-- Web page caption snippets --
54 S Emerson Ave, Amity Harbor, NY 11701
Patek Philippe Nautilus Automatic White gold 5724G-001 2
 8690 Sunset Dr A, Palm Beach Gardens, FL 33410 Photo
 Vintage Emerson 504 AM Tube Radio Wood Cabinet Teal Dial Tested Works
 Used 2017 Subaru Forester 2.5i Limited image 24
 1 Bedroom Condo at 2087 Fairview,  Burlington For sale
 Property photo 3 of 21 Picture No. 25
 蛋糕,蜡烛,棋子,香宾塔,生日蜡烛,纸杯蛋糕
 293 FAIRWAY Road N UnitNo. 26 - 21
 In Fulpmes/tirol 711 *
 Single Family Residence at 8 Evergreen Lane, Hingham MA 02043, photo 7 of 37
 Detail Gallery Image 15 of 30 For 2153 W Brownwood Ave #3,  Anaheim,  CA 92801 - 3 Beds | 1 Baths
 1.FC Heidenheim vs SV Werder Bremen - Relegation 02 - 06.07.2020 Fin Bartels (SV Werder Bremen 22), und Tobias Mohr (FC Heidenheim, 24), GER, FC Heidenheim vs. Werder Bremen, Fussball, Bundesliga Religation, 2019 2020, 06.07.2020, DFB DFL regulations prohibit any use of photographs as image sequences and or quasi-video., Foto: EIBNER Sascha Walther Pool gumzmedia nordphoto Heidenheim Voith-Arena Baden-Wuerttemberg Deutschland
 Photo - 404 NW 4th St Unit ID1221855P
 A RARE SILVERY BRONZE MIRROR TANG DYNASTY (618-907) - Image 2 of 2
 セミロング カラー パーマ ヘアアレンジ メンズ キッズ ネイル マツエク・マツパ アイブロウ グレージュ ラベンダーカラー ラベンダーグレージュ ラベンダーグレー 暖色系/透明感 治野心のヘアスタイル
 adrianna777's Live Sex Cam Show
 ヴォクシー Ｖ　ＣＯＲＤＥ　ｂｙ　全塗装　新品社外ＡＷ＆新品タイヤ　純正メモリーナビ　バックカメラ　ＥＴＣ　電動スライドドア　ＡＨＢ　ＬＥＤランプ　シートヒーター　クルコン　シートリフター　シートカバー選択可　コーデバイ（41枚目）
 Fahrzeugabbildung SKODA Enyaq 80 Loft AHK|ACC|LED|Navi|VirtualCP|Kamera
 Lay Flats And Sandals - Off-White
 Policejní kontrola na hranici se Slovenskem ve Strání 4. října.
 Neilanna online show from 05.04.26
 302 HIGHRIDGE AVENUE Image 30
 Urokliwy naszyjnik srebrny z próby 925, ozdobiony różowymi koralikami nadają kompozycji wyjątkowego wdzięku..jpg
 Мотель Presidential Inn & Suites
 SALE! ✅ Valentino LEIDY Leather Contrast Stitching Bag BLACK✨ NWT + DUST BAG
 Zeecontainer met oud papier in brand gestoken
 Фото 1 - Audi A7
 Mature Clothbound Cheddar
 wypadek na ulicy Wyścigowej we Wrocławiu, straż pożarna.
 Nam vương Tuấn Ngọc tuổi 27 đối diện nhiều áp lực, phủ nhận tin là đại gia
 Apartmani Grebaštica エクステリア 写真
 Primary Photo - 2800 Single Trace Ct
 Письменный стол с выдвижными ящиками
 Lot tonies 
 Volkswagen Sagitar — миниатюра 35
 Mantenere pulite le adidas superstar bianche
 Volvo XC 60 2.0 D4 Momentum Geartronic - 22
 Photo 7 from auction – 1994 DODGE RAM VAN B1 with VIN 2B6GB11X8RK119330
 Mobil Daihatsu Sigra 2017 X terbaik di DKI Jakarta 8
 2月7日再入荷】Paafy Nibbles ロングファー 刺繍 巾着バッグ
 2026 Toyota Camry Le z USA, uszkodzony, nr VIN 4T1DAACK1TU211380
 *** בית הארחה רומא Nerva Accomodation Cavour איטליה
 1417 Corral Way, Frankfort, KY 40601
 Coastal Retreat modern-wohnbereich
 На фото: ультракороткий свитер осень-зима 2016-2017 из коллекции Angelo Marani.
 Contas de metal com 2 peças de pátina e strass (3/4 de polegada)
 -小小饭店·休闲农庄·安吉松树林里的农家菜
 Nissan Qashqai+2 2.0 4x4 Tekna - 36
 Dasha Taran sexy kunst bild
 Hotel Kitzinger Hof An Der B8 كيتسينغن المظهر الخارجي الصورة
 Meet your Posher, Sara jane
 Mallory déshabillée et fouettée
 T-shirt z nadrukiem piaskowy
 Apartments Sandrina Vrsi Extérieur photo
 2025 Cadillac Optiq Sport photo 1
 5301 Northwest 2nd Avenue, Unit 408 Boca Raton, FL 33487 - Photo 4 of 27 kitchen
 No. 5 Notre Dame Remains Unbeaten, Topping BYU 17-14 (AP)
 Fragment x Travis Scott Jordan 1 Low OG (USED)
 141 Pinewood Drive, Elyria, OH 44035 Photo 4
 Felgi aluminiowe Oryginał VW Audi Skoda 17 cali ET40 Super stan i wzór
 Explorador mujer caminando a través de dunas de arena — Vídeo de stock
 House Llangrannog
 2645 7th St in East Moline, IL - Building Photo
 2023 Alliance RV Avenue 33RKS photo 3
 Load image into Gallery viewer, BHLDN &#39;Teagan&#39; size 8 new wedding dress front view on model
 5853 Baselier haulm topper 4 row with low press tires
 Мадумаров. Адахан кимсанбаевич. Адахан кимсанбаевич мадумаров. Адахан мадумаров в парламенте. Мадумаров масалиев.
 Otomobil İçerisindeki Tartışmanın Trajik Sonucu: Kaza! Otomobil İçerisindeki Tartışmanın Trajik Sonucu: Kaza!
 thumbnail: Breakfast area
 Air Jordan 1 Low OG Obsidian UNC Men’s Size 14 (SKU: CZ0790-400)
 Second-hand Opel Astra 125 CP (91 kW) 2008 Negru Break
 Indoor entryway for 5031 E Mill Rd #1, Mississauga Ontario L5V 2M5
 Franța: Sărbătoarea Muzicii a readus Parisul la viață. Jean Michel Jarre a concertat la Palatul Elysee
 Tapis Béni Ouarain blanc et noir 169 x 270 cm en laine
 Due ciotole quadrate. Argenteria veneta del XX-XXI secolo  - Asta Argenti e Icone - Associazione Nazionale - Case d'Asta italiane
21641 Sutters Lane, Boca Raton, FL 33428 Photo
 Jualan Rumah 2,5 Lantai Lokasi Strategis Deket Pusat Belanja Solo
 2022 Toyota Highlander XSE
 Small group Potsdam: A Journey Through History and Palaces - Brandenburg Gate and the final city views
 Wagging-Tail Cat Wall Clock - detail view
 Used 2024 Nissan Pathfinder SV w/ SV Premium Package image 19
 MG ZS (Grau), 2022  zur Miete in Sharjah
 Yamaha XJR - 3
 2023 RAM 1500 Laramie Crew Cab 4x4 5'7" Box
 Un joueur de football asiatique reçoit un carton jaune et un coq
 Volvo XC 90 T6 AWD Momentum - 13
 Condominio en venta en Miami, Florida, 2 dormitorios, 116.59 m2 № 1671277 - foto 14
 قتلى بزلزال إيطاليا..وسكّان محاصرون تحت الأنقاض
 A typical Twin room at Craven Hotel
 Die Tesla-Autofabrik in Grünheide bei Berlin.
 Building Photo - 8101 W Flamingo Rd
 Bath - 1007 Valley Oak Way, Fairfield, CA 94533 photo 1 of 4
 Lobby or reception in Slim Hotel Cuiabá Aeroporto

-- Directions --
Output each line of the records above exactly, beginning at the first, and stop once the line containing "Single Family Residence" has been output.

-- Solution --
54 S Emerson Ave, Amity Harbor, NY 11701
Patek Philippe Nautilus Automatic White gold 5724G-001 2
 8690 Sunset Dr A, Palm Beach Gardens, FL 33410 Photo
 Vintage Emerson 504 AM Tube Radio Wood Cabinet Teal Dial Tested Works
 Used 2017 Subaru Forester 2.5i Limited image 24
 1 Bedroom Condo at 2087 Fairview,  Burlington For sale
 Property photo 3 of 21 Picture No. 25
 蛋糕,蜡烛,棋子,香宾塔,生日蜡烛,纸杯蛋糕
 293 FAIRWAY Road N UnitNo. 26 - 21
 In Fulpmes/tirol 711 *
 Single Family Residence at 8 Evergreen Lane, Hingham MA 02043, photo 7 of 37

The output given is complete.